We assume that n is a power of 2 for convenience (no-operation steps can be added accordingly).
We define the hashed state h_i = H(x_i) for each i in 0, ..., n. where H is the sha256 hash of x.
(more generally, if the state x itself is composed of multiple values, h_i should be a commitment to
the entire state, for example via a Merkle tree).
For any (i, j) such that 0 <= i <= j < n and such that j - i + 1 is a power of 2, we define the trace t_{i, j} as follows:
// sha256(h_i || h_{i+1}) if i == j
t_{i, j} = {
\\ sha256(h_i || h_{i+1} || t_{i, i + m - 1} || t_{i + m, j}) otherwise
where m = (j - i + 1) / 2, and || represents the concatenation.
That is: if i == j, then the trace represents a single computational step, and it commits to just the state before,
and the state after the execution of the computational step. If i < j, then the trace represents commits to:
- the state before the i-th computational step
- the state after the j-th computational step
- the sub-trace of the first half of the computation (from i to i + m - 1)
- the sub-trace of the second half of the computation (from i + m to j)
Clearly, t_{0, n - 1} is the trace of the entire computationm, and it defines a corresponding Merkle tree.

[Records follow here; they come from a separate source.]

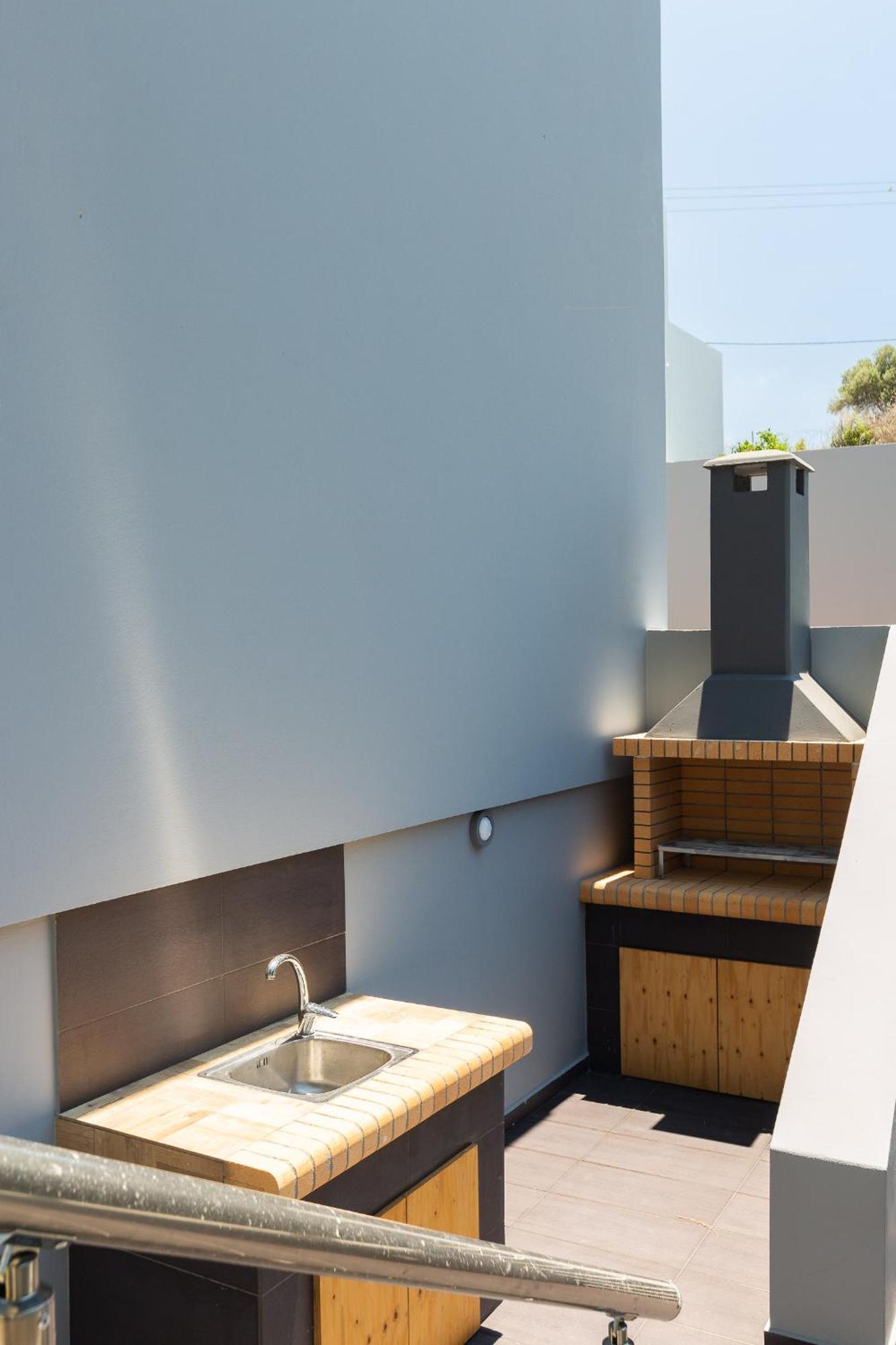 Nisos Villa, Pool & Heated Spawhirlpool, Walking To Beach, By Thinkvilla Sfáka Buitenkant foto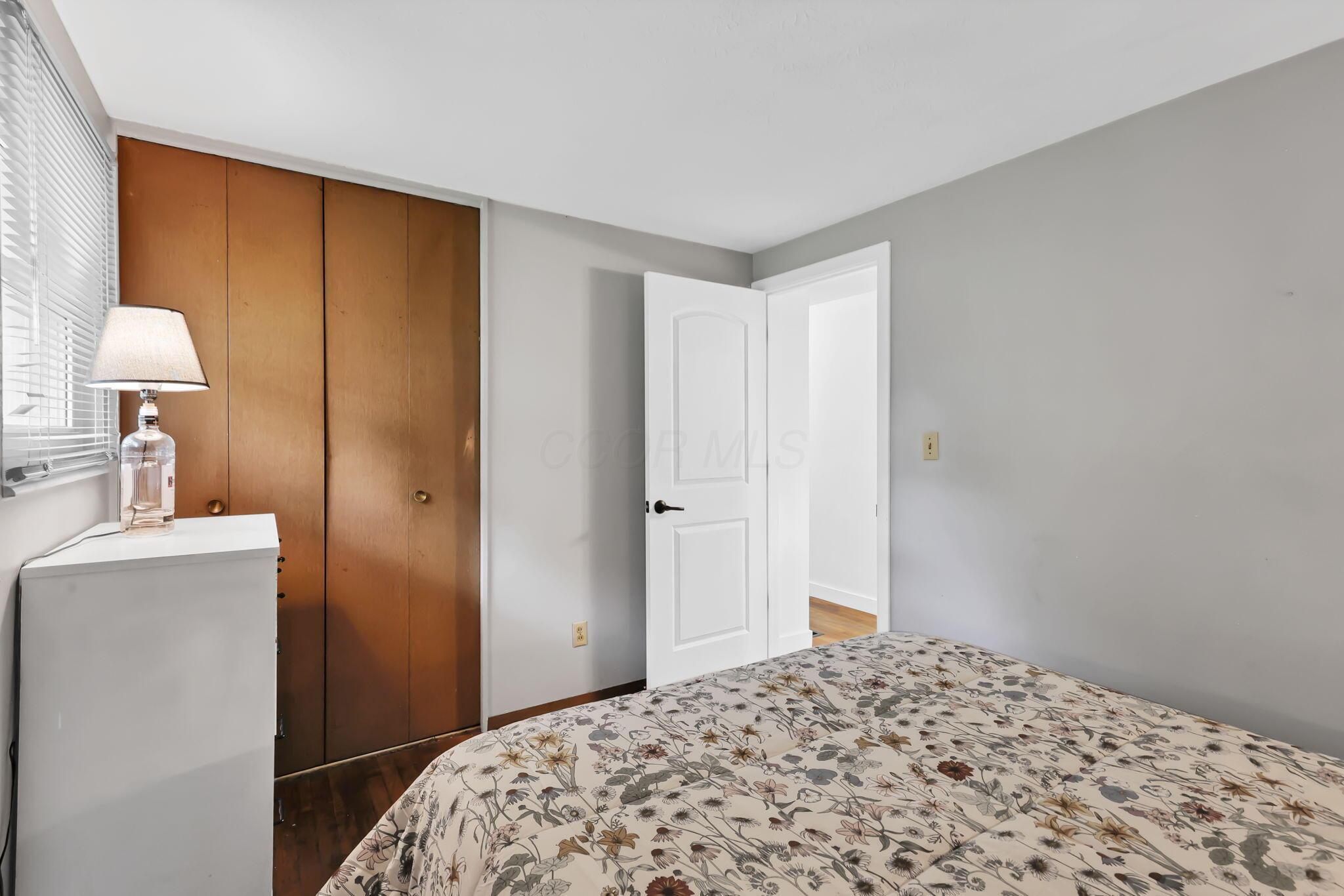 6075 Burnley Square E Property Photo 23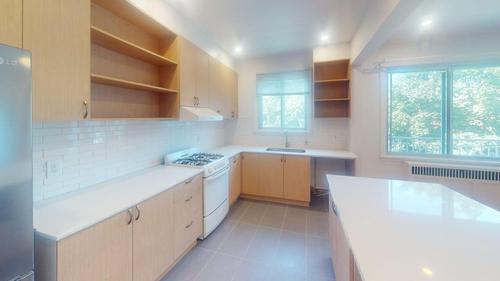 Studio for rent in Montreal - Côte-des-Neiges–Notre-Dame-de-Grâce — photo 9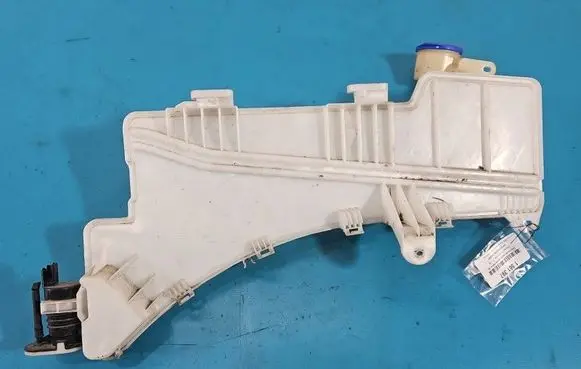 Citroen C5 Aircross Windshield washer fluid reservoir/tank 9824265780 IMPRK1561397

The bisection protocol is an interactive protocol between two parties Alice and Bob, who disagree on the final result
y of the computation (but they agree on the initial state x = x_0).
Therefore:
- Alice claims the hashed states to be [h_{0; a}, h_{1; a}, ... h_{n; a}]
- Bob claims the hashed states to be [h_{0; b}, h_{1; b}, ... h_{n; b}]
where h_{0; a} = h_{0; b} = h_0, since they agree on the initial state x.
The protocol starts at the "root" of the trace, that is, an internal node that represents t_{0, n-1}.
The protocol guarantees the following invariant:
Bisection invariant:
For any node (i, j) reached in the protocol, h_{i; a} = h_{i; a}, while h_{j; a} != h_{j; b}.
That is, Alice and Bob agree on the state at the beginning of the computation represented by the sub-trace, but disagree
on the final state of the computation.
Let's call t_{i, j; a} (resp. t_{i, j; b}) the value of the sub-trace t_{i; j} according to Alice (resp. Bob).
Each bisection step of the protocol requires two transitions:
- Alice reveals the value that define the commitment t_{i, j; a}, including the mid-state h_{i + m; a}
- Bob then does the same; if h_{i + m; a} != h_{i + m; b}, then the protocol repeats on the left child
(first half of the computation, from i to i + m - 1). Otherwise, h_{i + m; a} = h_{i + m; b}, and the
protocol repeats on the right child (second half of the computation, from i + m to j).
Once a leaf (l, l) is reached, a single computational step is part of the commitment:
- Both parties agree that the initial hashed state is h_l
- Alice claims the final hashed state is h_{l + 1; a}
- Bob claims the final hashed state is h_{l + 1; b}
Clearly, only the honest party can exibit the value of x_l, and the contract can adjudicate this party as the winner.
Summing up, the following specs define the two contracts Bisect_1 (Alice's turn) and Bisect_2 (Bob's turn), and the
final Leaf contract.
(Alice's turn)
Bisect_1(alice_pk, bob_pk, i, j)[h_i, h_{j+1; a}, h_{j+1; b}, t_{i, j; a}, t_{i, j; b}]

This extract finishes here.